The Senate Homeland Security Committee, on a 7-2 vote, today approved a measure that would explicitly ban lawmakers and their aides from using nonpublic information they receive as part of their legislative and oversight duties for personal gain. The legislation also would make clear that existing securities laws prohibiting insider trading apply to Congress.
Enacting such legislation, which Congress has considered before, took on added urgency after the CBS News program “60 Minutes” reported last month that members of Congress bought stock in companies during debates on legislation that might affect the businesses. None of the questioned investments was illegal, the report said.
The Senate measure combines bipartisan proposals offered by Senator Kirsten Gillibrand, a New York Democrat, and Senator Scott Brown, a Massachusetts Republican. It directs ethics committees in the House and Senate to issue rules on insider trading and requires lawmakers to disclose their stock, commodities futures, bond and other transactions within 30 days.
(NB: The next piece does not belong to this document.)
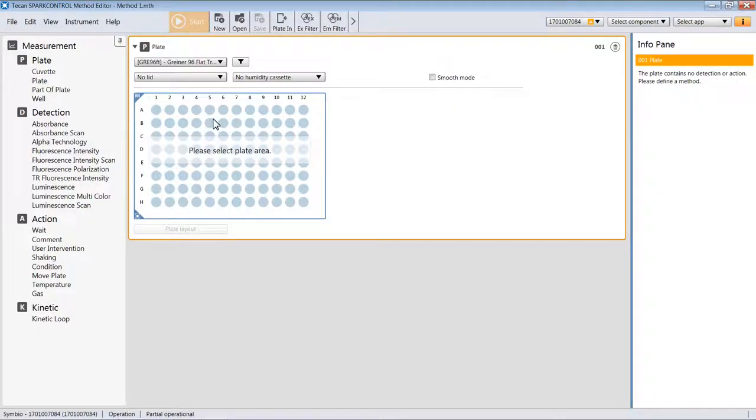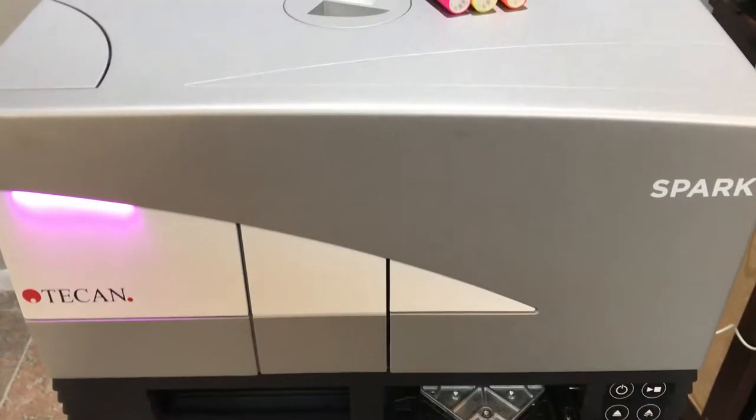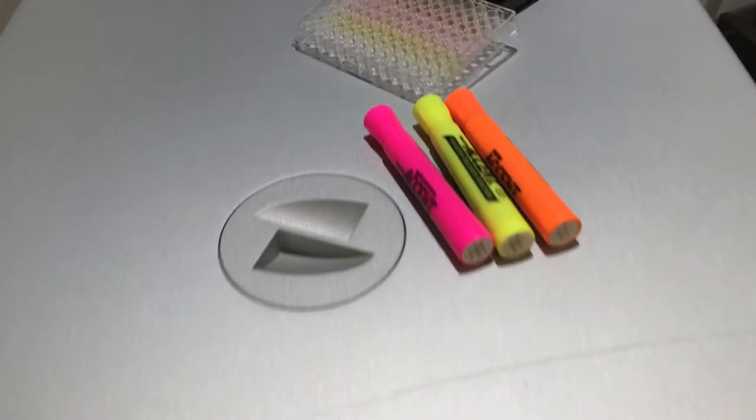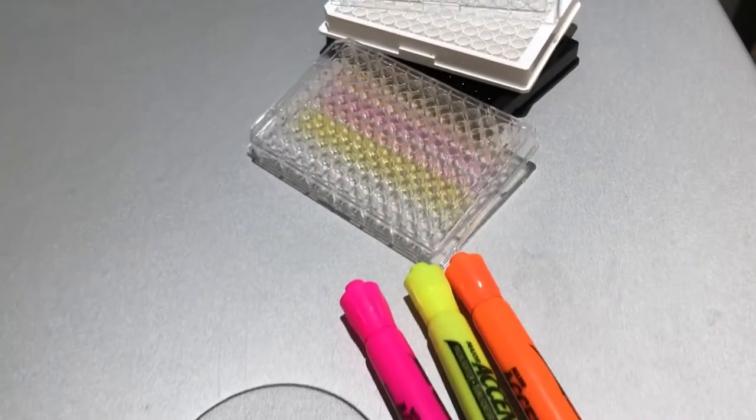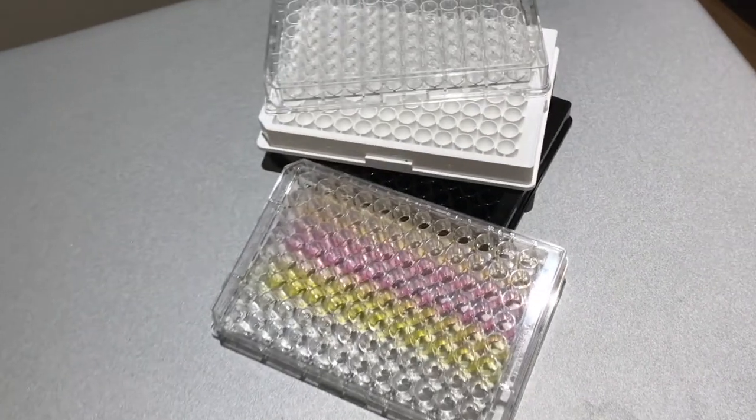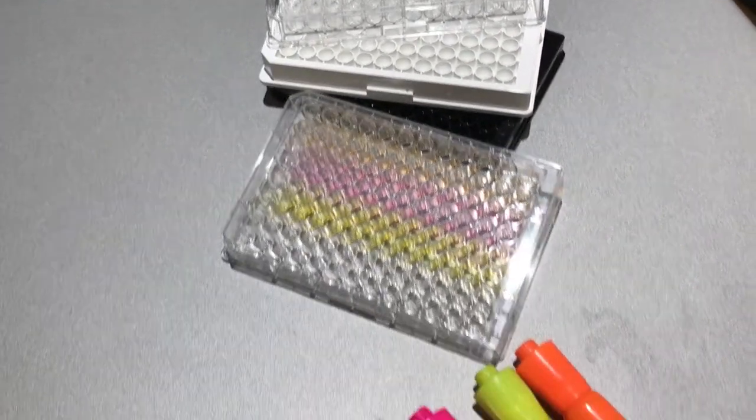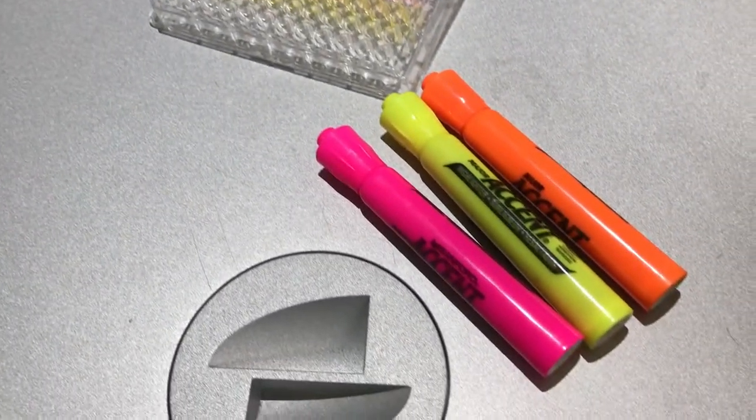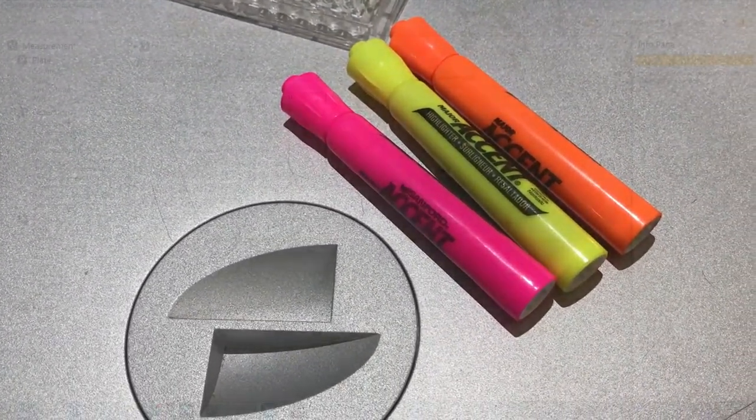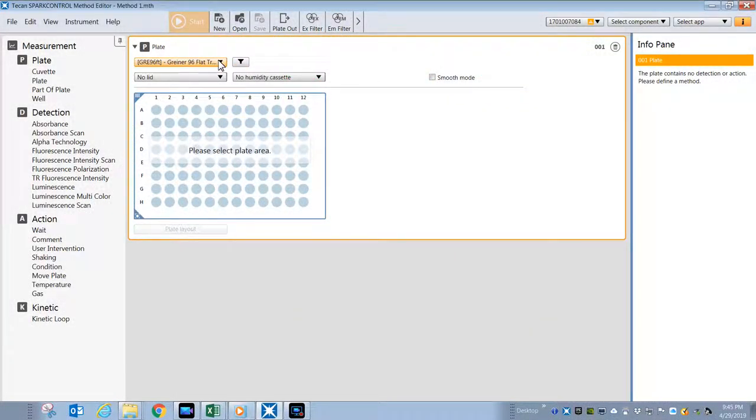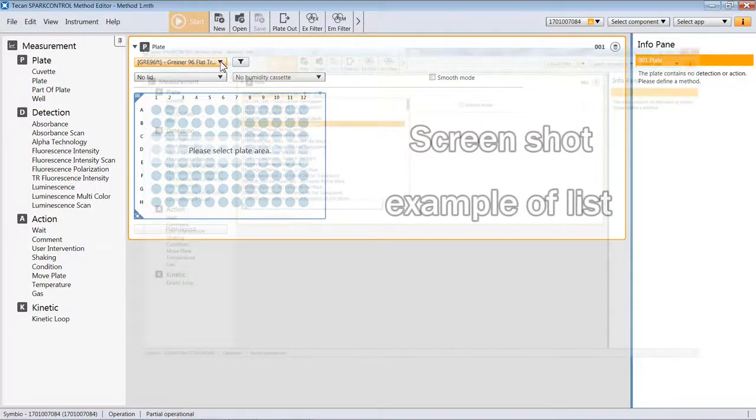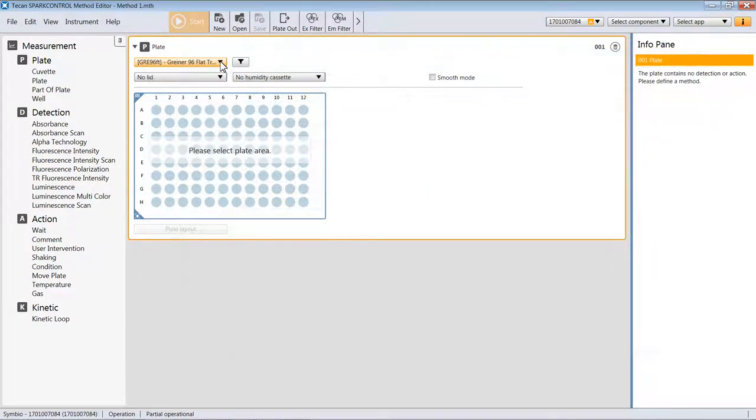The first step in the creation of any method is to select a plate definition to match the plate you're using. I want to first explain that I'm using these fluorescent highlighter pens on this clear microplate where the pens have been drawn across the bottom to create some signal. If you're ever in a pinch for a fluorescent standard or something to test the functioning of your instrument, then pens like these are very useful. In this example, we're going to select a clear, flat, transparent microplate. You can scroll up and down and select from a variety of different plates. If you don't find the plate that you're looking for, you would contact TCAN and they could help provide you with the correct definition.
“This is something that is critically needed to ensure there is a public trust that is reestablished,” Brown said.
The bill requires the Government Accountability Office to study the role of so-called political intelligence firms, which use their contacts in Washington to provide financial institutions with market-related information.
In the House, similar legislation is gaining bipartisan support, growing from nine cosponsors before the CBS report to more than 230 backers.
Representative Louise Slaughter, a New York Democrat who has pushed for the insider-trading legislation since 2006, said the Senate bill needs to be tougher on political intelligence firms.
Legislation she supports would require those firms or individuals involved in political intelligence to register in the same way as federal lobbyists and bar them from selling nonpublic information obtained from federal employees.
“We don’t need a study to understand this industry,” she said in a statement yesterday. “We need transparency and regulation so that the public, members, staff, and regulators know who is speaking to Congress to gain an advantage on the financial markets.”
Lieberman said the issue is complex and he plans a hearing on it when Congress returns next year.
Senator Tom Coburn, an Oklahoma Republican, said the panel was moving too fast on the legislation.
“We have laws,” Coburn said. “This isn’t a big problem with the vast majority of members of Congress.”
“Our constant response in Washington is, ‘pass another law,’” he said, and rushing to judgment further undermines public confidence.